I've come up with an idea for an interesting alternative game of battleship. I call is sub-hunt. Each player only has one piece each, either a sub or a destroyer and each only takes up one square. The player's pieces start out several squares away from each other facing random directions. The players cannot see the location of their opponent's pieces unless told. The players then take turns. On his turn, a player has one of three options: move, attack, or up-parascope/ping. If a player chooses to move, he can move in any direction, exactly one square, or remain in place. If he chooses to attack, he must announce the location and orientation of his piece aloud. Then, depending on whether he is the sub or the destroyer, his opponent signals whether he was hit or not. If he is the destroyer, the sub is hit if it occupies the same square as the destroyer. Else, if he is the sub, the destroyer is his if it stands in the current path of the sub. Hits can be tallied for a win. If the player chooses to ping/up-parascope, both players must then announce their locations.


A quick example game:

Whatsay a game starts with this position:
/ - - - - - \
| * * * * * |
| * s * * * |
| * * * * * |
| * * * d * |
| * * * * * |
\ - - - - - /
Neither player is aware of the location of the other player.

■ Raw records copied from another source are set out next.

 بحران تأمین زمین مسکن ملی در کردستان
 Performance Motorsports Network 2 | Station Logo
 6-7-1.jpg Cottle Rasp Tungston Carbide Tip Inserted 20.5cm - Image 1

Assuming it is the destroyer's turn first, he can move, attack, or ping. Let's say that he moves:
/ - - - - - \
| * * * * * |
| * s * * * |
| * * * d * |
| * * * * * |
| * * * * * |
\ - - - - - /
Still, neither player is aware of the location of the other player.

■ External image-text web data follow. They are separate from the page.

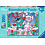 Ravensburger Disney Stich Merry Everything! 100  stukjes XXL
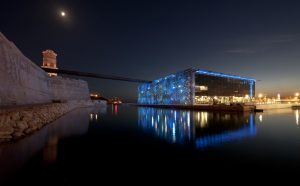 Marseille, MUCEM © Lisa Ricciotti. Courtesy of Agence Rudy Ricciotti_2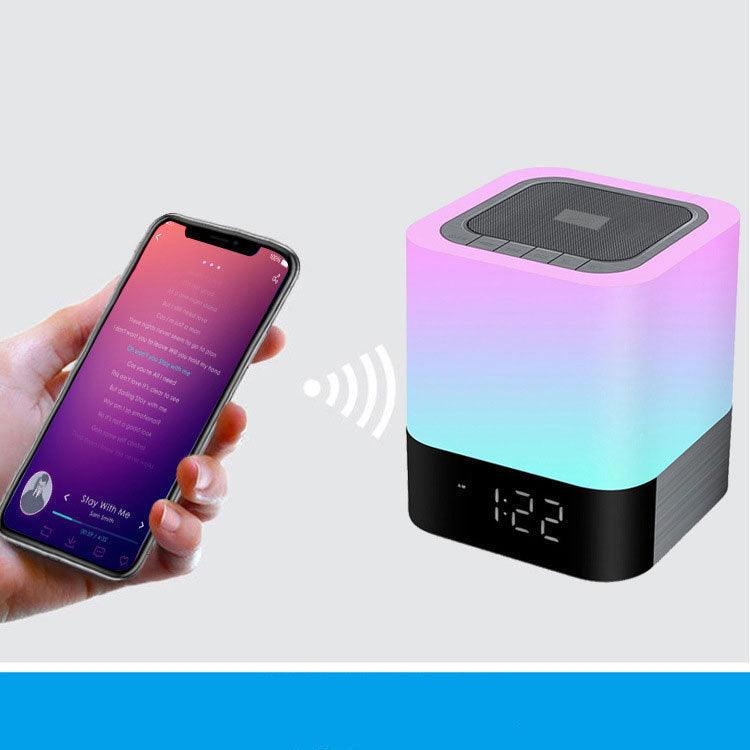 Bluetooth Speaker - Grivelo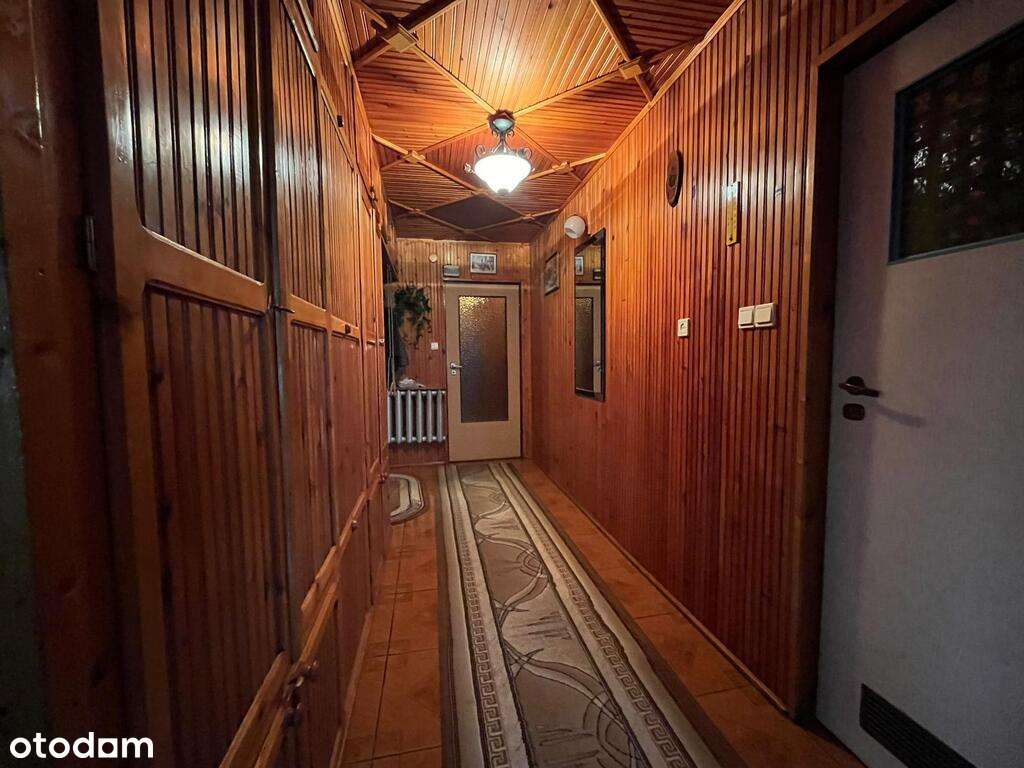 Pruszynek, Siedlisko 1 Ha z domem - Pełny obrazek: 5/10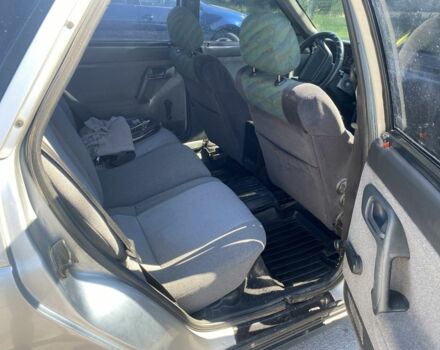 Сірий ВАЗ 2112, об'ємом двигуна 1.6 л та пробігом 230 тис. км за 1750 $, фото 7 на Automoto.ua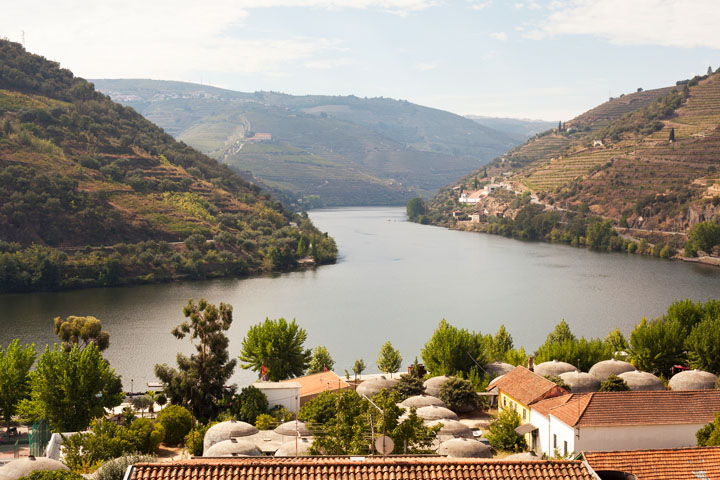 A Douro folyó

Now it is the sub's turn and he has the same options. Let's say that he up-parascopes:
/ - - - - - \
| * * * * * |
| * s * * * |
| * * * d * |
| * * * * * |
| * * * * * |
\ - - - - - /
The map is the same, but both players have to tell the other where their piece is.

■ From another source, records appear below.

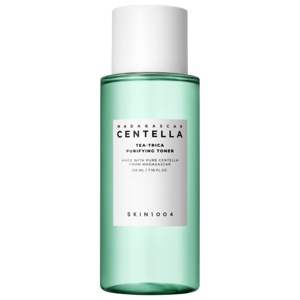 SKIN1004 Madagascar Centella Tea-Trica Purifying Toner 210 ml produktbillede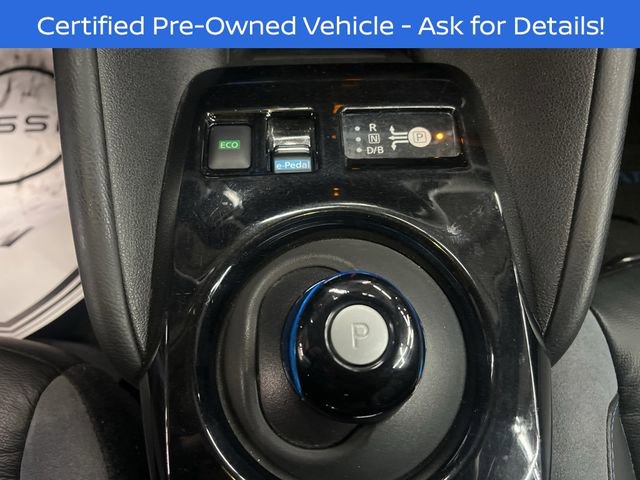 Used 2022 Nissan Leaf SL Plus image 52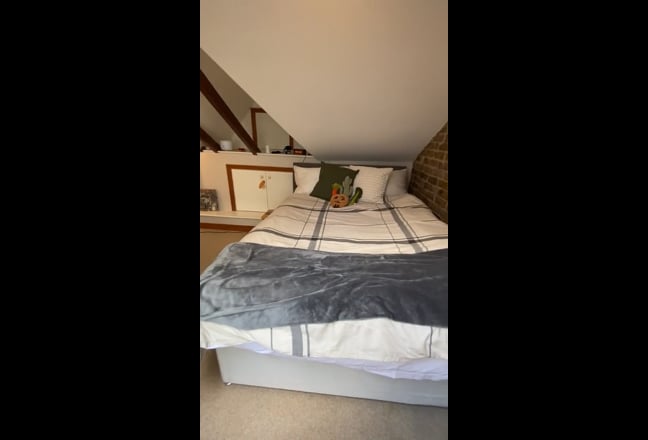 Spacious ensuite double room in Borough/LDN Bridge Main Photo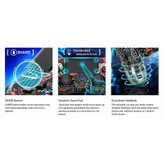 دسته بازی برد اصلی پلی استیشن 4 مدل GOD OF WAR طرح گاد اف وار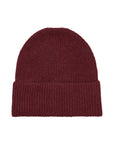MUSKAN HAT BORDEAUX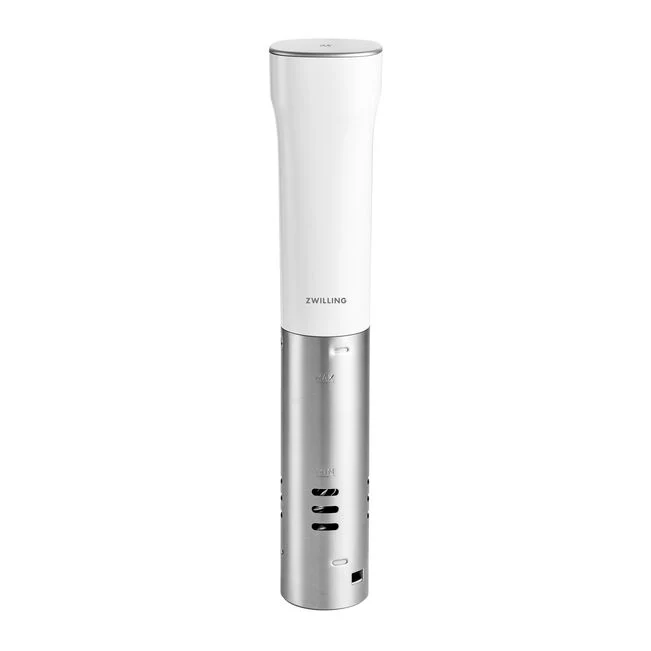 ENFINIGY Stick per cottura a bassa temperatura - Bianco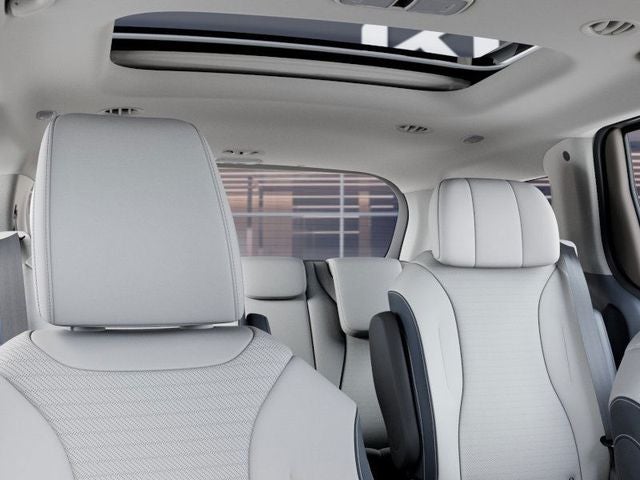 2025 Kia Carnival SX Prestige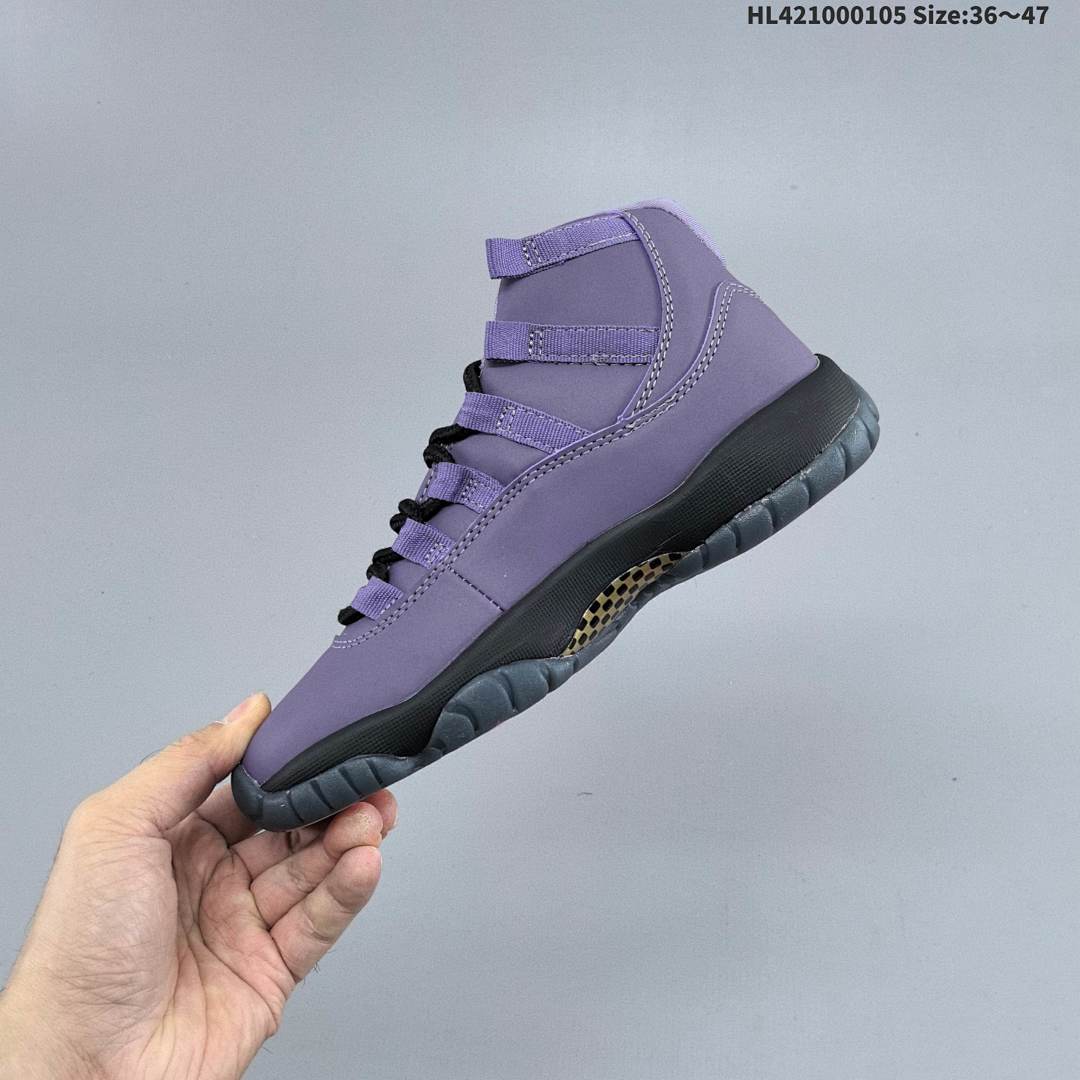 Air Jordan 11 Retro "Mojave" AJ11 11 aj11 11 - foto 7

It's the destroyer's turn and he moves:
/ - - - - - \
| * * * * * |
| * s d * * |
| * * * * * |
| * * * * * |
| * * * * * |
\ - - - - - /
At this point, the destroyer still knows where the sub is, but the sub only knows where the destroyer has been. He can guess where the destroyer has just moved to, and he knows where the destroyer could not have moved to, but he doesn't know for sure. There are exactly nine square where the destroyer might be. The sub is currently pointed in the 4:30 direction (down and to the right.) This covers two of the possible squares so if the sub chooses to fire, he has a two in nine chance of hitting the destroyer:
What the sub knows: The sub's chances:
/ - - - - - \ / - - - - - \
| * * * * * | | * * * * * |
| * s . . . | | * s . . . |
| * * . . . | | * * + . . |
| * * . . . | | * * . + . |
| * * * * * | | * * * * + |
\ - - - - - / \ - - - - - /

So, the sub has one of two choices, either fire and hope to hit the destroyer, or move, and hide from the destroyer. Our sub decides to hide and moves down one:
/ - - - - - \
| * * * * * |
| * * d * * |
| * s * * * |
| * * * * * |
| * * * * * |
\ - - - - - /

This would continue until one or the other scored enough hits on the other to constitute a win.